Dein Bachlauf sieht am Überlauf so aus, als ob es da Falten hat, die das Wasser zurück in den Bach ziehen könnten, wenn abgeschaltet ist. Dann könnte das Loch durchaus auch im Bach sein.


----------



## MadDog (23. Sep. 2011)

*AW: Mein Fertigteich verliert auch Wasser...*

Hallo Christina,

ich meine, die Stelle im Bachlauf, bevor dieser in den Teich mündet. Fülle Erde darunter, das die Stelle höher kommt und links und rechts davon mache einen kleinen Wall. Vielleicht ist das Problem dann behoben.

Gruß

Frank


----------



## HSV (23. Sep. 2011)

*AW: Mein Fertigteich verliert auch Wasser...*

Hallo Chrissi,ich denke trotz allem das du irgendwo ein Leck in deinem Gartenteich hast.
Gruss 
Tristan


----------



## schilfgrün (23. Sep. 2011)

*AW: Mein Fertigteich verliert auch Wasser...*

Hallo Christina,

ich hatte auch über 2 Jahre erhebliche Probleme mit Wasserferlust,definitiv durch meinen Bachlauf, dann durch ein blöderweise im Winter gestochenes Loch durch`s Eis im Flachwasserbereich und jetzt durch einen abgerutschten Uferstein, der einen Knick in die seit über 40 Jahre alte Folie ( mittlerweile ohne Weichmacher ) verusachte.
Bei Dir kann es nur an dem Bachlauf oder an einem Haarriss in Deinem Fertigteig liegen.

Liebe Grüße - Ingo


----------



## Chrissi (24. Sep. 2011)

*AW: Mein Fertigteich verliert auch Wasser...*

Hallo,
hab jetzt gestern mal die Folie die vom Bach in den Teich geht, weg.
Also ist im Moment keinerlei Verbindung vom Bach zum Teich.
Hab nochmal randvoll aufgefüllt und warte jetzt ein paar Tage.
Also bis jetzt fehlt noch nix erwähnenswertes.
Allerdings war es unter der Folie (vom Bach zum Teich) trocken.

Mal sehen wie es morgen aussieht.
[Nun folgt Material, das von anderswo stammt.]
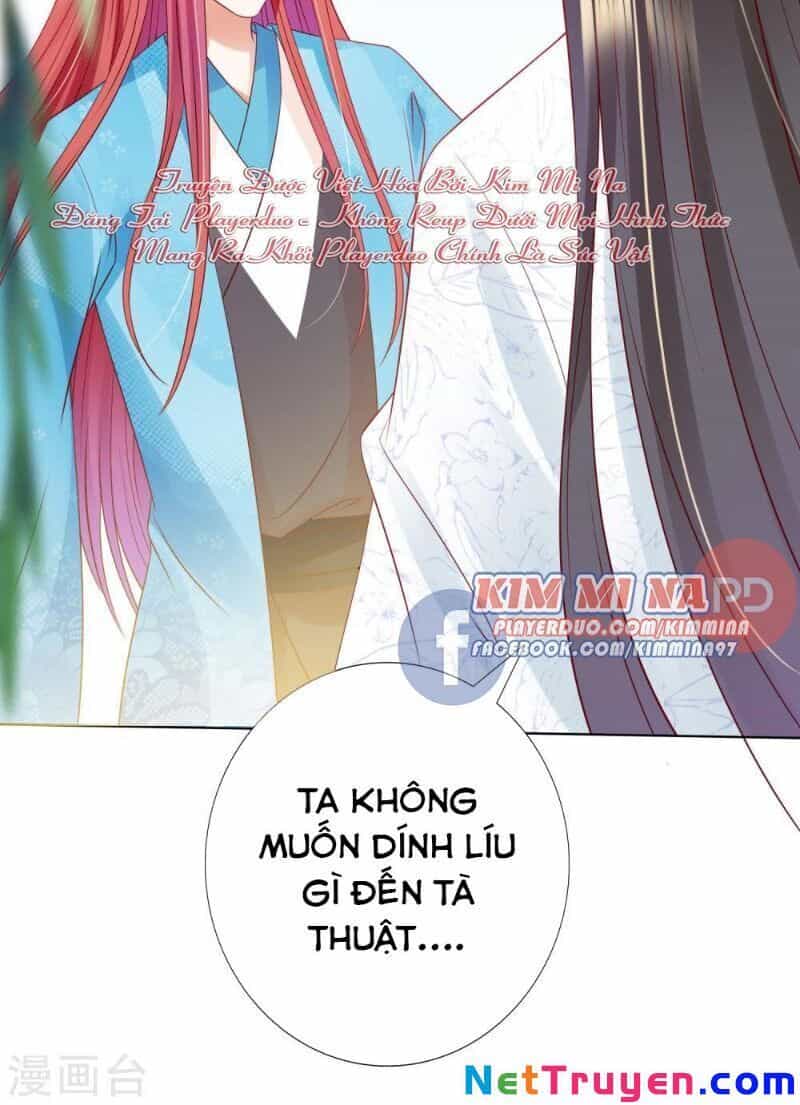 Sư Phụ, Cái Kia Ăn Ngon! - Chương 62 - ảnh 15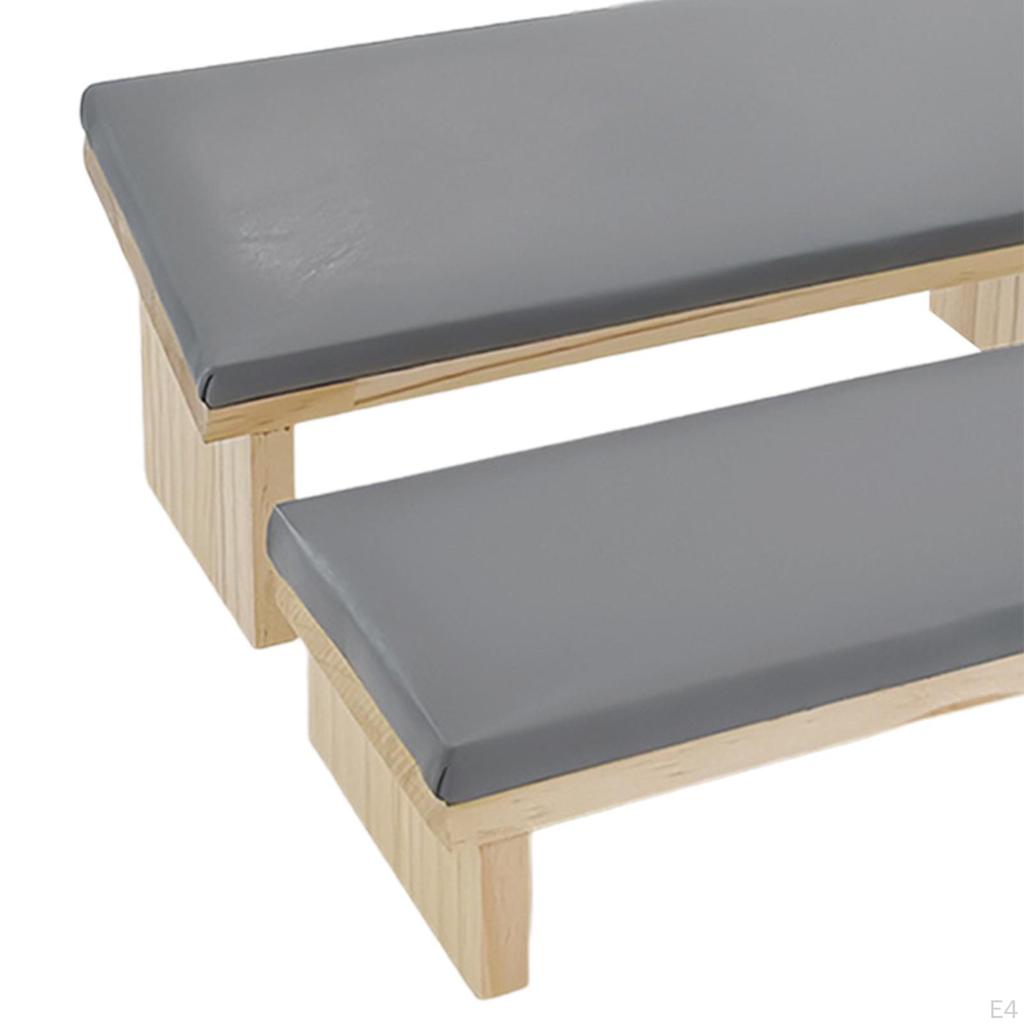 2 sztuki podpórka pod rękę do paznokci, poduszka do manicure, miękka podpórka pod rękę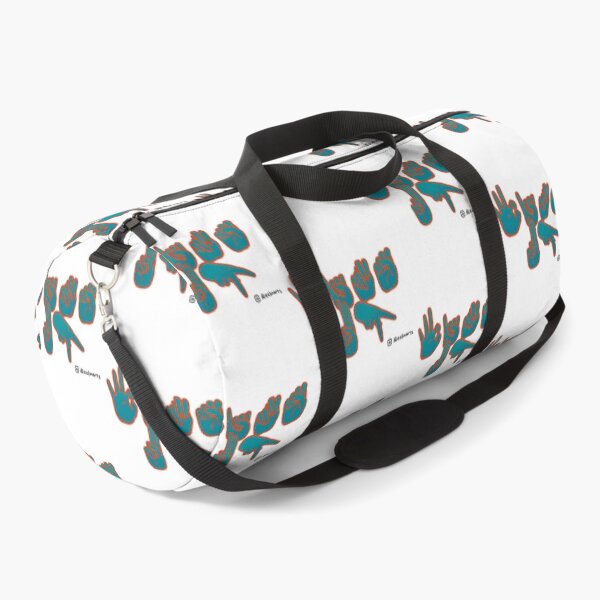 Item preview, Miami Dolphins Fins Up In Asl designed and sold by abrinase.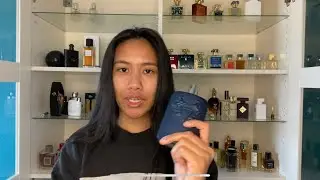 My Top 10 Favorite Fragrances Of All Time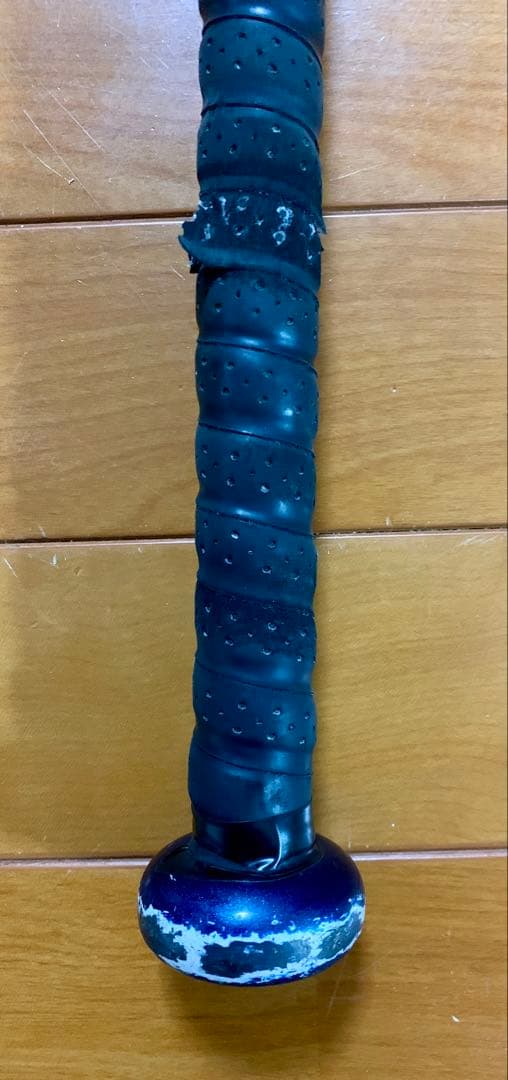 ミズノ ビヨンドマックスレガシー 80㎝ 専用バットケース未使用付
Das Wetter ist ja im Moment auch super, da verdunstet natürlich auch einiges oder?

Wie kann man denn festellen ob ein Riß im Teich ist? Geht das überhaupt.

LG
Christina


----------



## andreas w. (24. Sep. 2011)

*AW: Mein Fertigteich verliert auch Wasser...*

Hi Christina,

haste den "Kaffeemilchtest" schonmal im Teich gemacht?

Wenn - so wie jetzt, alles aus ist was stört, Bachlauf und so, schütte doch mal ein Döschen Kaffemilch in den Teich. Im Normalfall, bzw im Fall eines Loches in der Teichschale fließt die Milch, durch den durch das Loch entstehenden "Sog" langsam in die Richtung und bis zu dem eventuellen Loch.

Wenn das hier wirklich eintrifft, siehste genau, wo das Loch in der Schale ist ...... und dann geht das nächste Problem los


----------



## Chrissi (25. Sep. 2011)

*AW: Mein Fertigteich verliert auch Wasser...*

Guten Morgen,
also bis jetzt hat er noch kein Wasser verloren (etwas Verdunstung)

Bin gespannt wie es in drei Tagen aussieht.

LG
Christina


----------



## Chrissi (27. Sep. 2011)

*AW: Mein Fertigteich verliert auch Wasser...*

Hallo,
es lag wohl tatsächlich an der Bachlauffolie.
Bis jetzt fehlt kein Wasser.
Jetzt muss ich mir Gedanken machen wie ich den Bachlauf wieder mit dem Teich verbinde!

LG
Christina


----------



## Chrissi (27. Sep. 2011)

*AW: Mein Fertigteich verliert auch Wasser...*



MadDog schrieb:


> Hallo Christina,
> 
> Wenn ich den Einlauf des Bachlaufs sehe, kommt es mir vor, als ob dieser tiefer liegt als die Kante des Beckens. Eine Möglichkeit wäre also folgendes zu machen.
> Erhöhe am Bachlauf links und rechts die Seiten und lege den Bachlauf im Bereich des Einlaufs in den Teich höher. Dann würde sich ein kleiner Wasserfall bilden.
> ...



Läuft mir das wasser dann nicht hinten raus?
Ich muss dann doch kpl. den Bach höher legen?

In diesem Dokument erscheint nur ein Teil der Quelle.